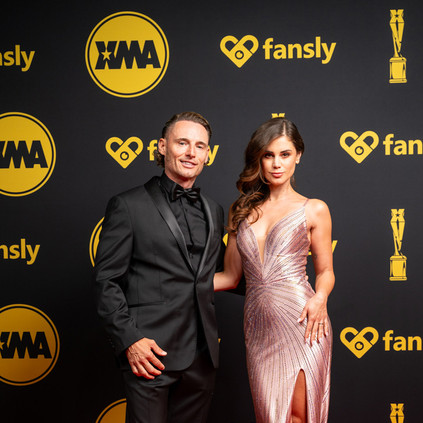 Euro XMAs Red Carpet 3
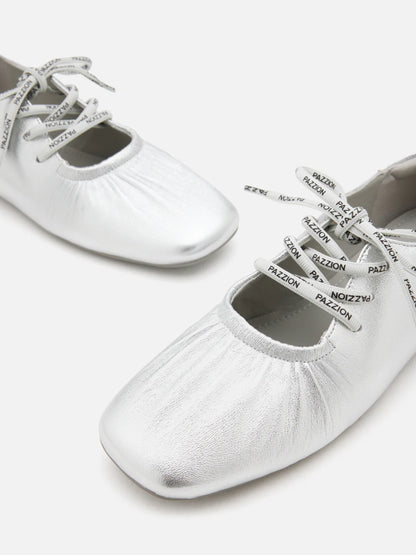 Pernille 金屬色系帶平底鞋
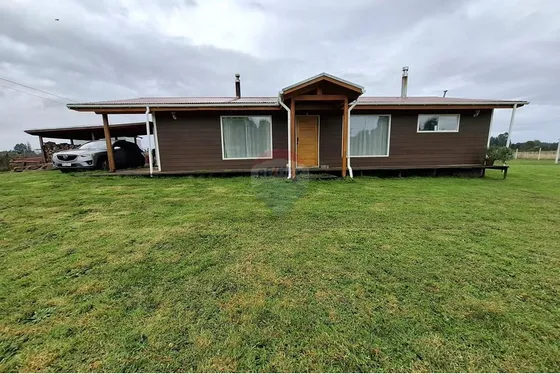 Vende Casa En Parcela, Aislada - 3 D 2 B Servicios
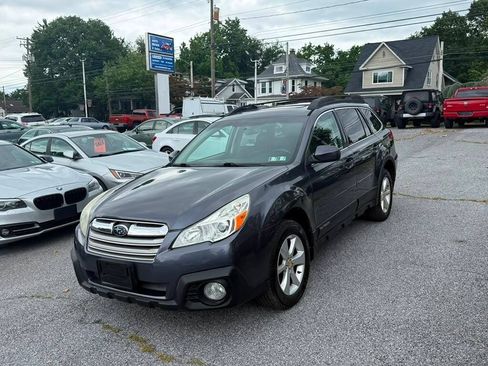 Used 2014 Subaru Outback 2.5i Premium AWD/4WD image 2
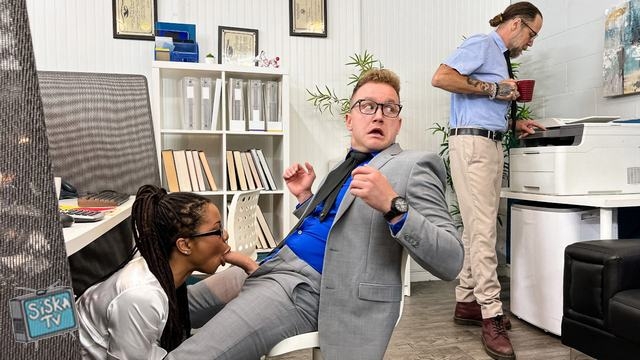 Kira Noir - Working Late Feels Great! - WorkMeHarder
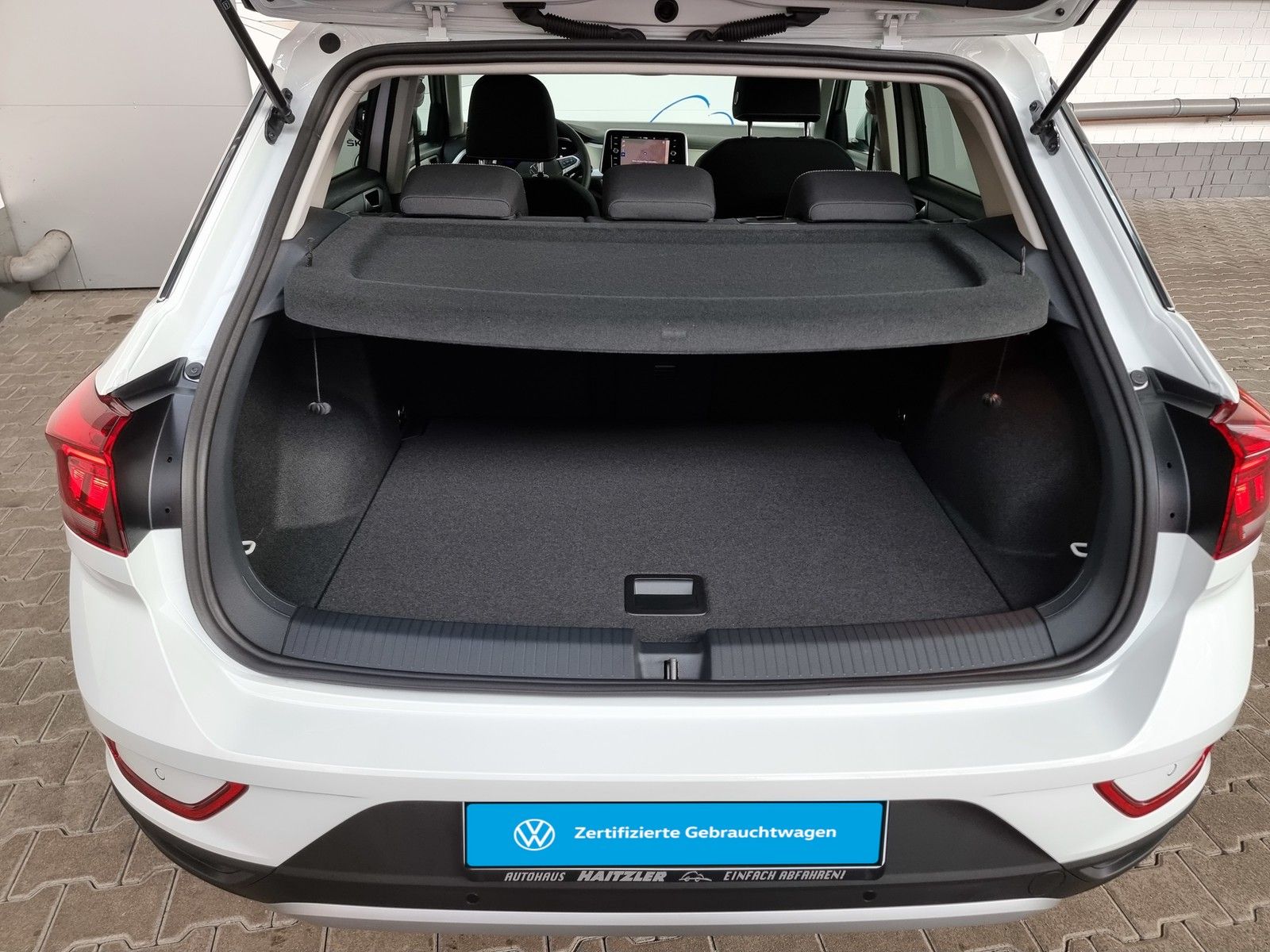 Fahrzeugabbildung Volkswagen T-Roc Move 1.0 TSI Navigation + Assistenzpaket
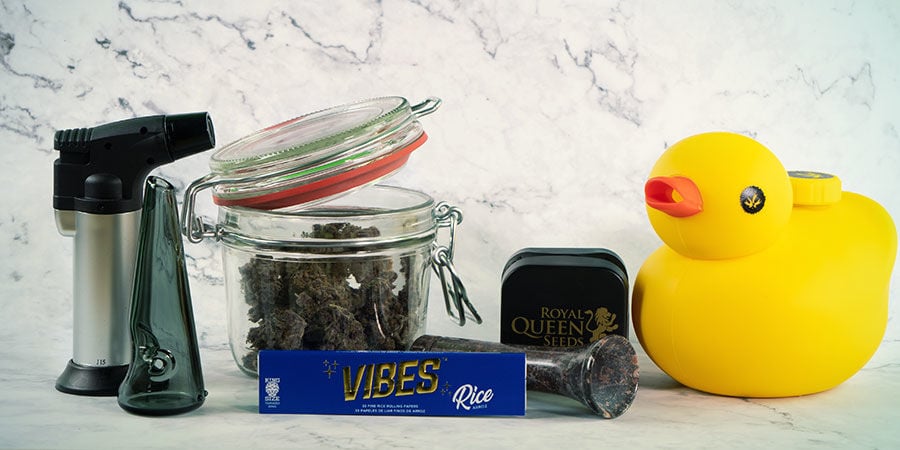 What Are the Best Marijuana Smoking Accessories?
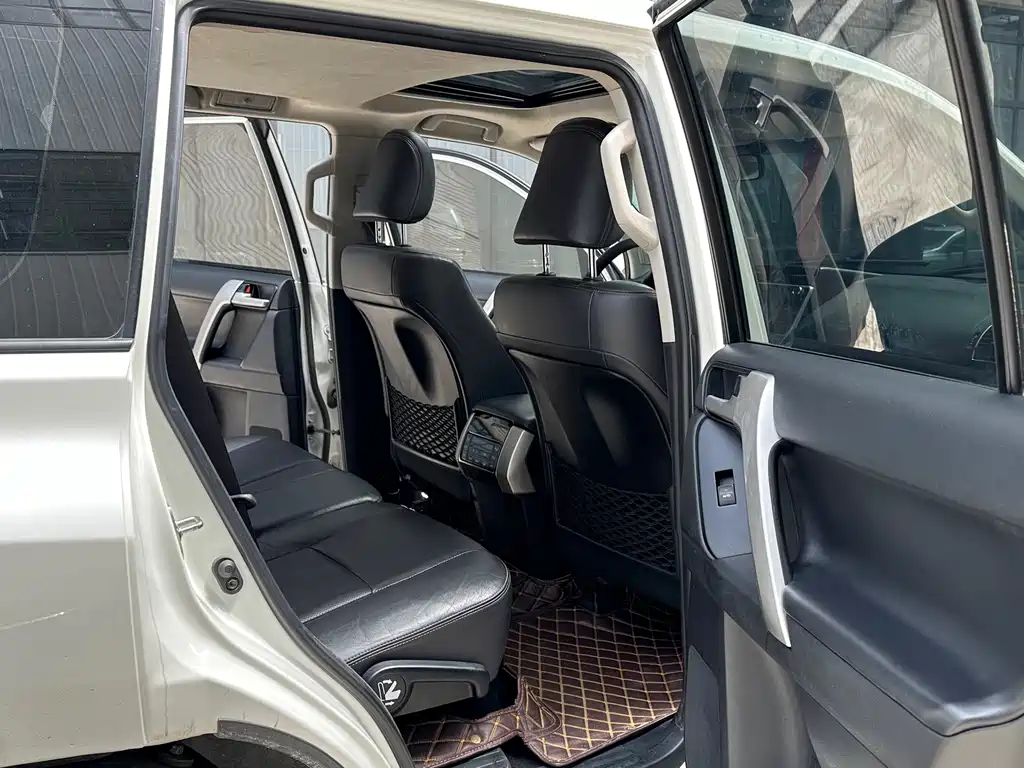 Toyota Prado — миниатюра 15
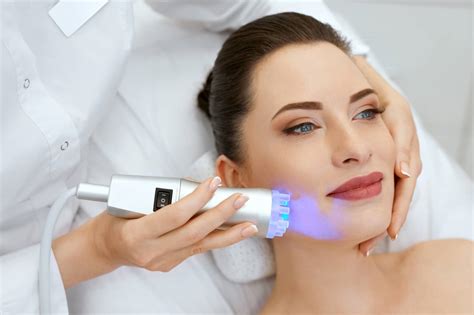 Blue Light Therapy: Benefits, Uses and Science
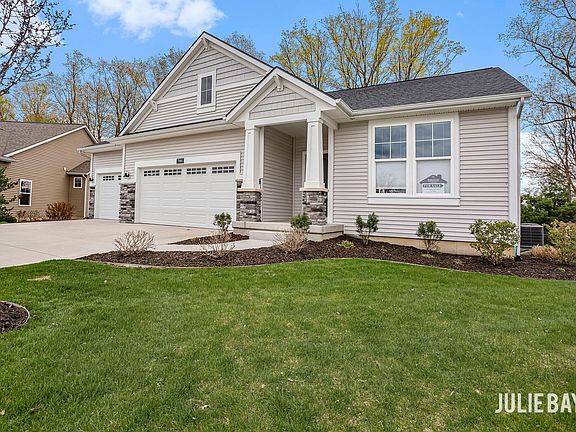 3rd image of 7991 Wild Currant Way Ct SE #124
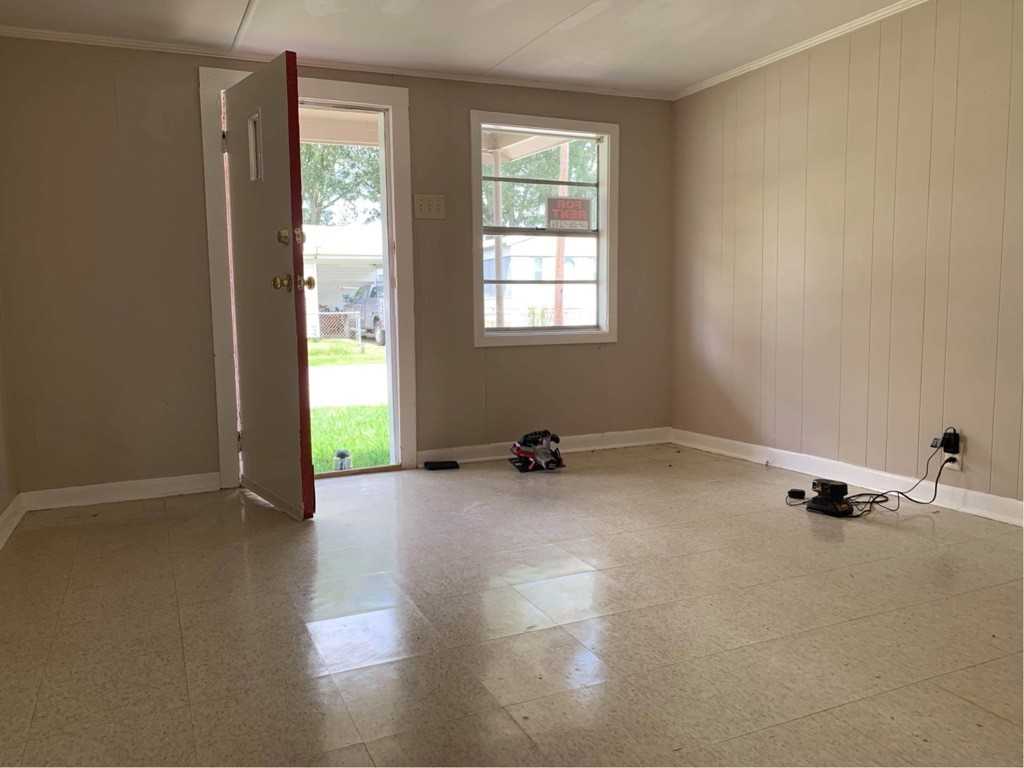 633 N Moss St - Photo 6 of 7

━━━

■ **TASK BRIEF**
Please repeat each record above precisely, with the pictures left out.

■ **EXERCISE RESPONSE**
 Euro XMAs Red Carpet 3
 Pernille 金屬色系帶平底鞋
 Vende Casa En Parcela, Aislada - 3 D 2 B Servicios
 Used 2014 Subaru Outback 2.5i Premium AWD/4WD image 2
 Kira Noir - Working Late Feels Great! - WorkMeHarder
 Fahrzeugabbildung Volkswagen T-Roc Move 1.0 TSI Navigation + Assistenzpaket
 What Are the Best Marijuana Smoking Accessories?
 Toyota Prado — миниатюра 15
 Blue Light Therapy: Benefits, Uses and Science
 3rd image of 7991 Wild Currant Way Ct SE #124
 633 N Moss St - Photo 6 of 7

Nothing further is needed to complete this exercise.